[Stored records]
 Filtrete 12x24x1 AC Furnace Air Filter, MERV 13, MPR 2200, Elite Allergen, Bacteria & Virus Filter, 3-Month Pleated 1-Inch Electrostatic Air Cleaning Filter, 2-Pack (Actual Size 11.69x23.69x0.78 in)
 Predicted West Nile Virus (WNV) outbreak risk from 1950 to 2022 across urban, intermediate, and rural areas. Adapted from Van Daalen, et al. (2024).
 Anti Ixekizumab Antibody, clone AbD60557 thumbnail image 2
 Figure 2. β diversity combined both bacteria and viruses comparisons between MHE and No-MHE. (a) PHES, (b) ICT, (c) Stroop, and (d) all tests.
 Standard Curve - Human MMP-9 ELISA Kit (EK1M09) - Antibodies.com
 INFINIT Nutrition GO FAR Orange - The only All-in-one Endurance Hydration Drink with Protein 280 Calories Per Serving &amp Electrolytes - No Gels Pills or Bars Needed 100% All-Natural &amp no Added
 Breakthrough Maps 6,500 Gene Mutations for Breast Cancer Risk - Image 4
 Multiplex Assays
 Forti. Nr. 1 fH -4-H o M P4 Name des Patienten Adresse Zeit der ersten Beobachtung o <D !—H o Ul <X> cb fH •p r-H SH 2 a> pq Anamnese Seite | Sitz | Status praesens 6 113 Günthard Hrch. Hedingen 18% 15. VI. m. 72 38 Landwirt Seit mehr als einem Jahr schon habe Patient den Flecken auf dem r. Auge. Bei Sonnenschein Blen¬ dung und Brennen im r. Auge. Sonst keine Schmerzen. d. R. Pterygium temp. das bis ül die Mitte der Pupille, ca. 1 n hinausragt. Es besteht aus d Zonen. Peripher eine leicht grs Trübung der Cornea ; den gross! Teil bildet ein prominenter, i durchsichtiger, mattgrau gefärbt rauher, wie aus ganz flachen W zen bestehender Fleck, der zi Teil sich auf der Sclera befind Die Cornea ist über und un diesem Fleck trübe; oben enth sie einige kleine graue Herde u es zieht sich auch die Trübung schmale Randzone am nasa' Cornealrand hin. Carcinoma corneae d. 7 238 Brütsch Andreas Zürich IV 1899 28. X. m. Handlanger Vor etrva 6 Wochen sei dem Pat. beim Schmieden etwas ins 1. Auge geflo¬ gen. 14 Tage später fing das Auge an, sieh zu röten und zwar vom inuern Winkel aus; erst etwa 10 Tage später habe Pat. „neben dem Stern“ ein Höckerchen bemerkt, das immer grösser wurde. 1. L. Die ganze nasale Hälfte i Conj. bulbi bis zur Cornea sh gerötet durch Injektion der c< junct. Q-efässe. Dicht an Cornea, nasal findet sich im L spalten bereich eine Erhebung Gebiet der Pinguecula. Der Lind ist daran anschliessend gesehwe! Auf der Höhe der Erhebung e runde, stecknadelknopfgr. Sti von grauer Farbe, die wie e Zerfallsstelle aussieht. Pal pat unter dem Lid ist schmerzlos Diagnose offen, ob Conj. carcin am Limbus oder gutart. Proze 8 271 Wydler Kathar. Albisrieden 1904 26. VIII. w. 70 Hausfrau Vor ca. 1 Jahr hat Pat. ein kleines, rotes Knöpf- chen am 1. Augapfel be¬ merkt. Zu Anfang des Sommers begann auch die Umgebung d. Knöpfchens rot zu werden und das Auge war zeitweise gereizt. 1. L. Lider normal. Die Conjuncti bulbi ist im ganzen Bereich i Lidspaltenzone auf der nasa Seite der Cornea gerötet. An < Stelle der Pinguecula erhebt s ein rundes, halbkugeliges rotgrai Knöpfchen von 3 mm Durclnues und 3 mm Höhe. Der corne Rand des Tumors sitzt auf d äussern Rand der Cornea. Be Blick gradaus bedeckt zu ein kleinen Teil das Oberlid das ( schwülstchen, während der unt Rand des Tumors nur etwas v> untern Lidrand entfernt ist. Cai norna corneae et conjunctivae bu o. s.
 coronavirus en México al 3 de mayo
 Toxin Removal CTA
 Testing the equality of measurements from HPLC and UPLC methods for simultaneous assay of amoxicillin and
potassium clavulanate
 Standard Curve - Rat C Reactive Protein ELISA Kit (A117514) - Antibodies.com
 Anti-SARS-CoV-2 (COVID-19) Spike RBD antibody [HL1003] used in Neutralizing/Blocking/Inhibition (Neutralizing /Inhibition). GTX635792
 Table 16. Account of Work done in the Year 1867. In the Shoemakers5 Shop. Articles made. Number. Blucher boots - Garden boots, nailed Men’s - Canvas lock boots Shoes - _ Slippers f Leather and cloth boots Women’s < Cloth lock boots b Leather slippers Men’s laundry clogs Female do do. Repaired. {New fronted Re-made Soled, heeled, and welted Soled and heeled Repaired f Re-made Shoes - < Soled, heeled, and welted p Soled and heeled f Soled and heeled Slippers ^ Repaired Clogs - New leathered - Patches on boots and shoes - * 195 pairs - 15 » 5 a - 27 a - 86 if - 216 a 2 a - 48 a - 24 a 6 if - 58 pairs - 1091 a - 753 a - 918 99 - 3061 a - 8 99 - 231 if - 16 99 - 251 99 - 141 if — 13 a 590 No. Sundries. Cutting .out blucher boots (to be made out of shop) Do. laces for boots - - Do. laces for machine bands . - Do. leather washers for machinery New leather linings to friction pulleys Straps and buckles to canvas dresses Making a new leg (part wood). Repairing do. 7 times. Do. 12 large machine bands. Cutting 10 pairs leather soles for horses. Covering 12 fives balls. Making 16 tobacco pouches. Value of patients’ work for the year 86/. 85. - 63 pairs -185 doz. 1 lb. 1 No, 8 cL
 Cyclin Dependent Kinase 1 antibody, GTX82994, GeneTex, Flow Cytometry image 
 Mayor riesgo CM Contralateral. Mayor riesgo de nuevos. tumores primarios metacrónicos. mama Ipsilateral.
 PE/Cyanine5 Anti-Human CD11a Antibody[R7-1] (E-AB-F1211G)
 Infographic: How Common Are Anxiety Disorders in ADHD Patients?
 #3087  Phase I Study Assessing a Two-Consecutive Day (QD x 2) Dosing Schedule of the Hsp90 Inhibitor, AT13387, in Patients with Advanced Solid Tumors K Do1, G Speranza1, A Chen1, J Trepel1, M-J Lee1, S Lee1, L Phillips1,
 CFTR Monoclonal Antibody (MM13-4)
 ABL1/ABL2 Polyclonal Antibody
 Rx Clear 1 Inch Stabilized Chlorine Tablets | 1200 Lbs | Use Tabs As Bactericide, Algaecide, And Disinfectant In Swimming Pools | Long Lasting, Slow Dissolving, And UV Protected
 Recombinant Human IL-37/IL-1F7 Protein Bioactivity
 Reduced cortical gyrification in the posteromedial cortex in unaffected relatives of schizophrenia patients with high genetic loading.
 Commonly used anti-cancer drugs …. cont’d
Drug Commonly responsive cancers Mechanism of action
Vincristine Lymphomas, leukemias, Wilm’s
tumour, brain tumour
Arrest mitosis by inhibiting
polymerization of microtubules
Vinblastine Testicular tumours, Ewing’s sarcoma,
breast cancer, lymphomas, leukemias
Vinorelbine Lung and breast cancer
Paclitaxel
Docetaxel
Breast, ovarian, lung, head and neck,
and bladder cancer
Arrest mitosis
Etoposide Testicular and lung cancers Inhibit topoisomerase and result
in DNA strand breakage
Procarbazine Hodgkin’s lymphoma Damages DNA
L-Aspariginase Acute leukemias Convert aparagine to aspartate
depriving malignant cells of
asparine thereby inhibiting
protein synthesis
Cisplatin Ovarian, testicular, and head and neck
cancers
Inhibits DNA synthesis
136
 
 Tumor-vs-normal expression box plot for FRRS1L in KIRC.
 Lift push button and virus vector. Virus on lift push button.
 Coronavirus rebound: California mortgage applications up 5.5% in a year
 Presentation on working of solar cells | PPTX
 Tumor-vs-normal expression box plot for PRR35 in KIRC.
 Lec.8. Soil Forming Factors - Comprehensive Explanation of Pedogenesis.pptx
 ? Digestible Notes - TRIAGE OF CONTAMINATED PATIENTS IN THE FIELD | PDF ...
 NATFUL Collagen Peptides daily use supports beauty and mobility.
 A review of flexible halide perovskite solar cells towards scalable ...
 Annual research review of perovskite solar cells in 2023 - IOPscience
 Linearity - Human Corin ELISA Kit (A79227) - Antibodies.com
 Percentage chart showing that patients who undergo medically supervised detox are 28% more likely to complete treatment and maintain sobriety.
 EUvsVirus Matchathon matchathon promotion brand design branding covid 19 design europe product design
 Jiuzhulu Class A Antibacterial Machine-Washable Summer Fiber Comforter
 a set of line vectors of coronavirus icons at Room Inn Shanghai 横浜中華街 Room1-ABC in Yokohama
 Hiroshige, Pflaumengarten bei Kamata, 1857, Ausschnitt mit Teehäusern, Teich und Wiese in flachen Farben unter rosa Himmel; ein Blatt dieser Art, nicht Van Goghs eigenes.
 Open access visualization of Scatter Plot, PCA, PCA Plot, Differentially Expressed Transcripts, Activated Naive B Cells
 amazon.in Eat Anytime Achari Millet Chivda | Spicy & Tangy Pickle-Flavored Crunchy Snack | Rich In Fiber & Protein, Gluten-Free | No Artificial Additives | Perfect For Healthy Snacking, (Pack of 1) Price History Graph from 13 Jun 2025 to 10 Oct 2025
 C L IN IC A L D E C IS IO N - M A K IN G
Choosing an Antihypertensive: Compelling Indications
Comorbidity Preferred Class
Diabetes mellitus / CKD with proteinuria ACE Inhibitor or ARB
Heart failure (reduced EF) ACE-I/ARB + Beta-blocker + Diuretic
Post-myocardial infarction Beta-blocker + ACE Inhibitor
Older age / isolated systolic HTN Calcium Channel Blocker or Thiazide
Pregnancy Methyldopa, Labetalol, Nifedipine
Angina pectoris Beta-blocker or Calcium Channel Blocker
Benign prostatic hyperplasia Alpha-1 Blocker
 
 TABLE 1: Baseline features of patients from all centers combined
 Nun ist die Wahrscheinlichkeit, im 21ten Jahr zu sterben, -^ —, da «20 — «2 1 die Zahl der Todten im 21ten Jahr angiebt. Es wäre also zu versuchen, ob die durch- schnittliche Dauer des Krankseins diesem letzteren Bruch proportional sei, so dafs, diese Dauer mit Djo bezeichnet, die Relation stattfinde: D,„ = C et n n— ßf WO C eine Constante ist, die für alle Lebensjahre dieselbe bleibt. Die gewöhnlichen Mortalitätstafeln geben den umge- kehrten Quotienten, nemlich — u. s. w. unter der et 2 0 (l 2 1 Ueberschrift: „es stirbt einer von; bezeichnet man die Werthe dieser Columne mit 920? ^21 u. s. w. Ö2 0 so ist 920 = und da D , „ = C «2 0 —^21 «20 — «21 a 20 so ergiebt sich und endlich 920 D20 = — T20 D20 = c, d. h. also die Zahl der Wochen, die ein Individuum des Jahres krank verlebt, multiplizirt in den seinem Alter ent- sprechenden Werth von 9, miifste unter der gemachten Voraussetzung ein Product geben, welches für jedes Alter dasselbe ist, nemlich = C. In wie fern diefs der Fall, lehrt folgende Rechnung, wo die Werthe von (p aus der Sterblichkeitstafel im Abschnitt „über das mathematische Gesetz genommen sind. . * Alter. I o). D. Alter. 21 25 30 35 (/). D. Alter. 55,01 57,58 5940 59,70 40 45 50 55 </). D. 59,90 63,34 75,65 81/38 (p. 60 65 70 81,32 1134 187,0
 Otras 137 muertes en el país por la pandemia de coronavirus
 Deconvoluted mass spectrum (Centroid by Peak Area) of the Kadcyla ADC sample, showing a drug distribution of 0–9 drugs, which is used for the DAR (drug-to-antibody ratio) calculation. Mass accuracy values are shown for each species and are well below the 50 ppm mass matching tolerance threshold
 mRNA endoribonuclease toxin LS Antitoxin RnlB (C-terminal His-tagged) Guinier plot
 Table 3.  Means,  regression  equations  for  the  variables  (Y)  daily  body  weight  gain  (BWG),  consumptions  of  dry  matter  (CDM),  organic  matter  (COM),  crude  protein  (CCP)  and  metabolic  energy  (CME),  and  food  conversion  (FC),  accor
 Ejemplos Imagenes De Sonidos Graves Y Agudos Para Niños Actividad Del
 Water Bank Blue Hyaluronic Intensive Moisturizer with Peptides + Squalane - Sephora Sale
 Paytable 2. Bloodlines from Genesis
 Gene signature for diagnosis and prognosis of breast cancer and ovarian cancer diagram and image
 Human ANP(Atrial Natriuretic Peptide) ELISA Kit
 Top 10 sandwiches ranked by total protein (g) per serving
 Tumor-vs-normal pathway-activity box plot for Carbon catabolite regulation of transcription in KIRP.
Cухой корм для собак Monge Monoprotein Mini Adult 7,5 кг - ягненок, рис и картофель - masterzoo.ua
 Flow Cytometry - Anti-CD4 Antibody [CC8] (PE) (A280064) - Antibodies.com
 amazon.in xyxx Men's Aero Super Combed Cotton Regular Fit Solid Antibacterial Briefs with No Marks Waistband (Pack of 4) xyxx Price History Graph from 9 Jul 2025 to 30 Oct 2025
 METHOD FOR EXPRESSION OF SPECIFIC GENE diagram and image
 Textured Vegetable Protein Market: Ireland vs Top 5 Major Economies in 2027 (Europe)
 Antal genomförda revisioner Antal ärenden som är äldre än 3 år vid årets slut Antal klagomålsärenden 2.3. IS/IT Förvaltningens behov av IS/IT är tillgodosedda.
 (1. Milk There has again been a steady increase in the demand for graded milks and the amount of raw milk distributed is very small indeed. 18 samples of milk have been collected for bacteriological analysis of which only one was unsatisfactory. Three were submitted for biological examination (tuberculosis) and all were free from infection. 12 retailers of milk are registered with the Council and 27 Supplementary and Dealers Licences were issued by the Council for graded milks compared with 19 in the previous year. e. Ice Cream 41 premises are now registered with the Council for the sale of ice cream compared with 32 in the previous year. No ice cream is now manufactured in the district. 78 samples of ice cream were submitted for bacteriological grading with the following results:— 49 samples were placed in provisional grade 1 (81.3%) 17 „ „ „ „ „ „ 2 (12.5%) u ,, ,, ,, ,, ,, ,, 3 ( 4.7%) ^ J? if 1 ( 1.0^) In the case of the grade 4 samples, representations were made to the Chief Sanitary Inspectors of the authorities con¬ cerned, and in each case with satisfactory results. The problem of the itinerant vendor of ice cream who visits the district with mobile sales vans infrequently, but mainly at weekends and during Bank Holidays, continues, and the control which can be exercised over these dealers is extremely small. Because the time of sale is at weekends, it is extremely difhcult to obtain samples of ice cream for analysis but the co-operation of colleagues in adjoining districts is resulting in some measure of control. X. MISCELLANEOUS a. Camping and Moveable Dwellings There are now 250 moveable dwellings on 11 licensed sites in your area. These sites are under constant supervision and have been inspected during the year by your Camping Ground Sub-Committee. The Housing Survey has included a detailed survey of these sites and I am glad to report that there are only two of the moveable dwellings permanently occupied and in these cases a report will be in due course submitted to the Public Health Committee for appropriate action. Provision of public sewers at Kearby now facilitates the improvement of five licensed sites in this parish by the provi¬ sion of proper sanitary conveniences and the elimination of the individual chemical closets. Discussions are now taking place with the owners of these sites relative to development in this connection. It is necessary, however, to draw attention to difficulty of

# ASSIGNMENT
From the records above, pull out each line that has "combined".

# RESPONSE FOR THIS EXERCISE
 Figure 2. β diversity combined both bacteria and viruses comparisons between MHE and No-MHE. (a) PHES, (b) ICT, (c) Stroop, and (d) all tests.
 TABLE 1: Baseline features of patients from all centers combined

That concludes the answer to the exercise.